(Beginning of Extracted data)

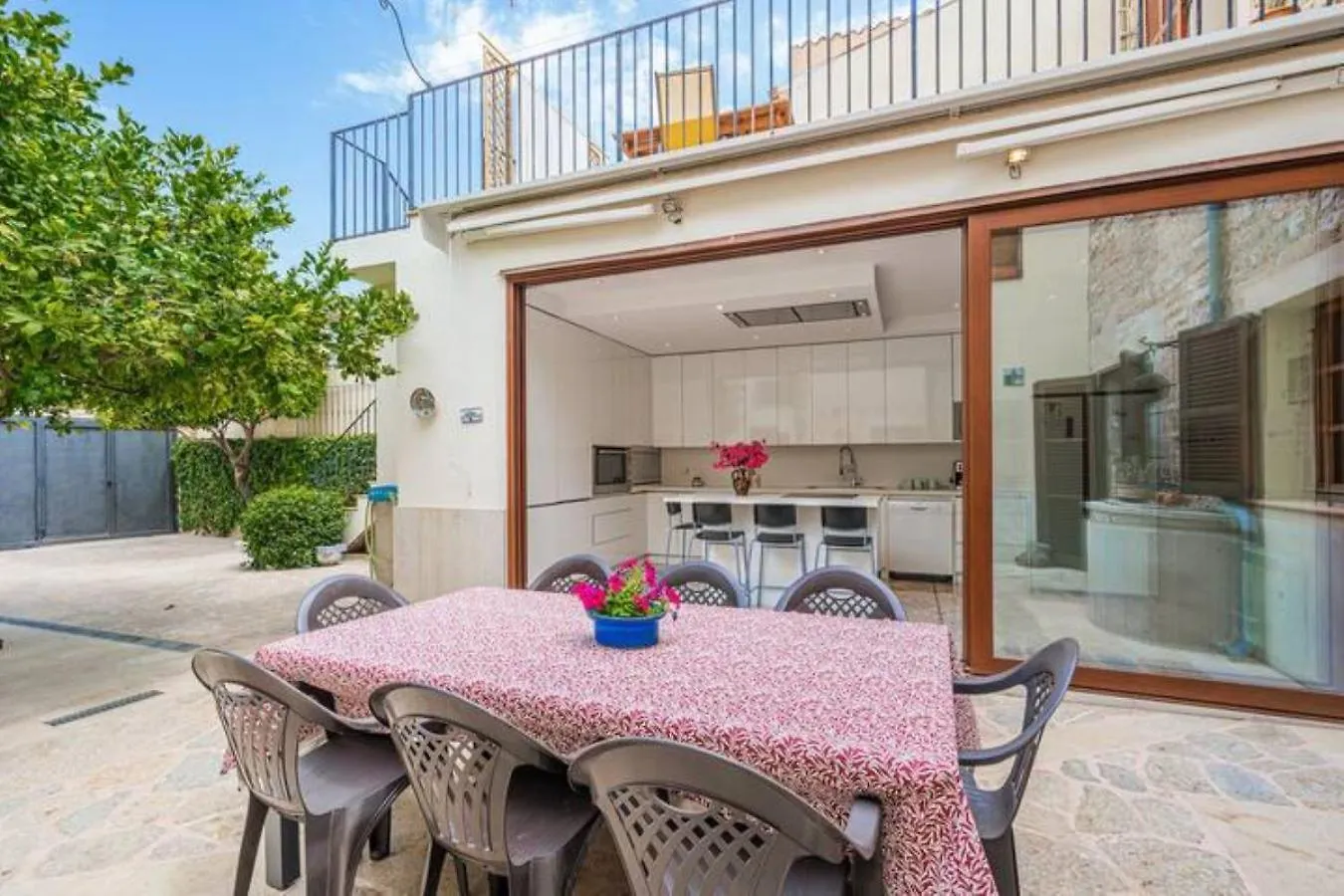 Сasa de vacaciones Sa Llimonera de Binissalem, casa con piscina ideal familias, 6 dormitorios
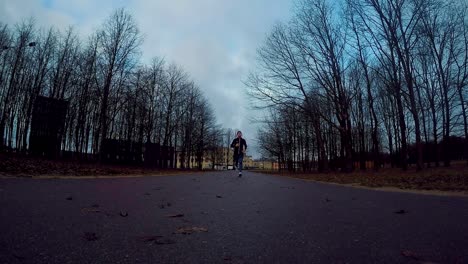 Young-man-runs-towards-the-camera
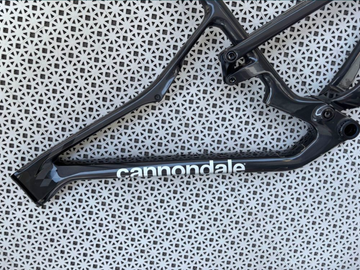 Cannondale Scalpel 1 Lefty 2025 Frameset 2025 Mountainbike usato, Nero — immagine 5 di 11
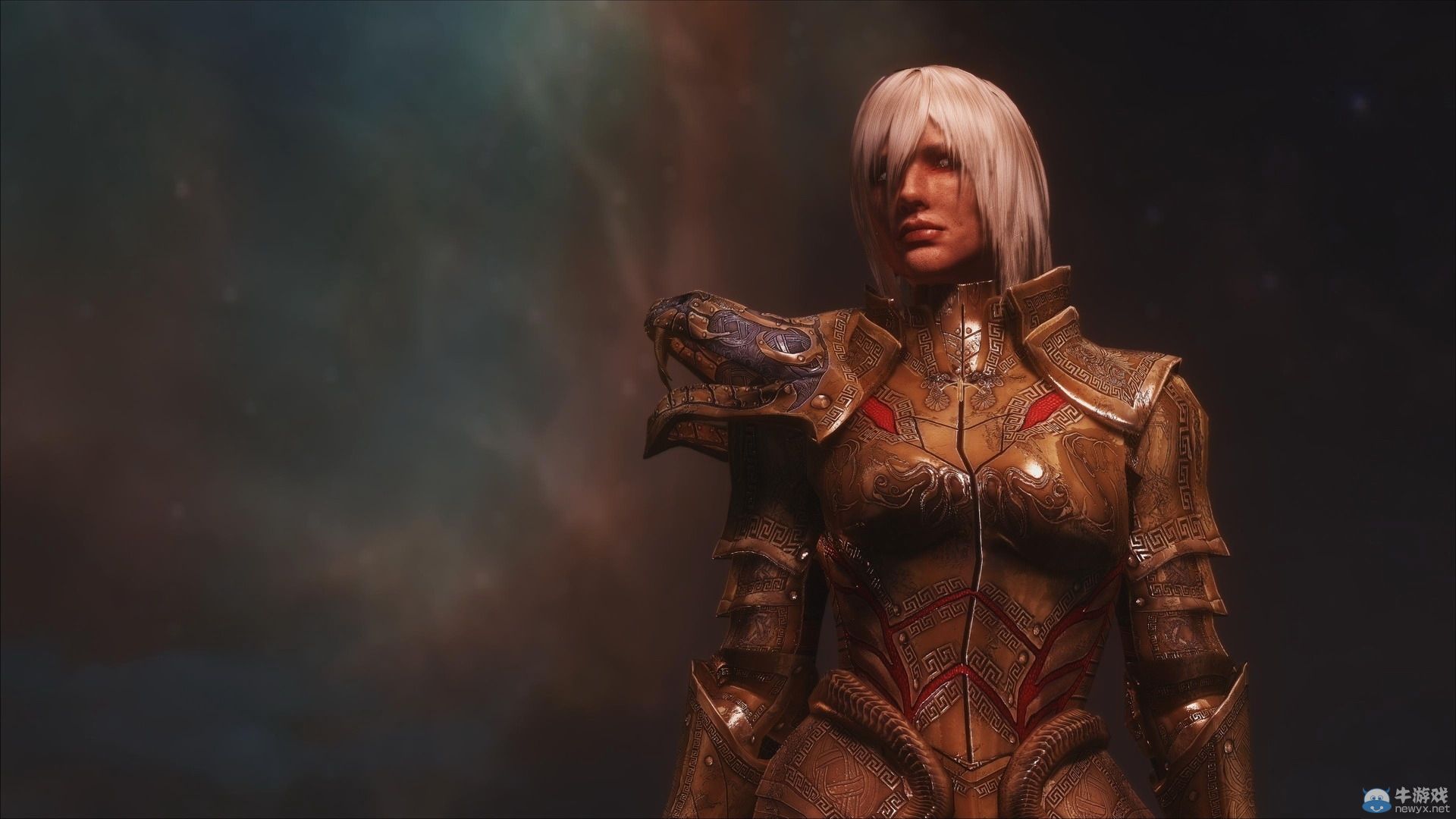 顏控看過來！《上古卷軸5：天際》令人驚艷面容賞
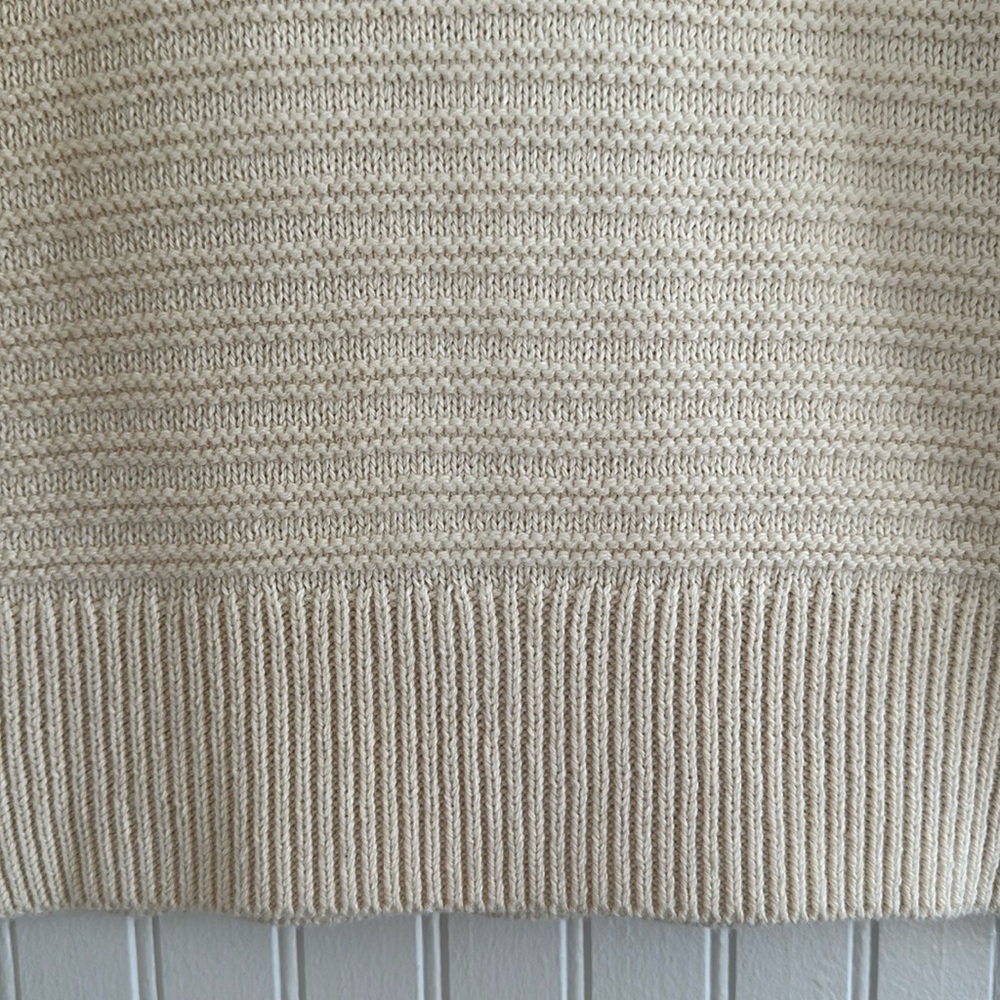 Madewell Ruffle-Neck Pullover Sweater - Picture 7 of 14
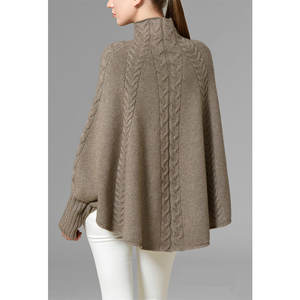 Poncho y Suéteres de Cachemira Tejidos a Mano, Personalizados, Hechos con Amor, Más Vendidos - Product Image 5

(End of Extracted data)

What to work on => Skip all pictures. Copy exactly the lines from the one containing "Madewell Ruffle-Neck Pullover" through the end of the records, both ends included.

Result of the exercise =>
 Madewell Ruffle-Neck Pullover Sweater - Picture 7 of 14
 Poncho y Suéteres de Cachemira Tejidos a Mano, Personalizados, Hechos con Amor, Más Vendidos - Product Image 5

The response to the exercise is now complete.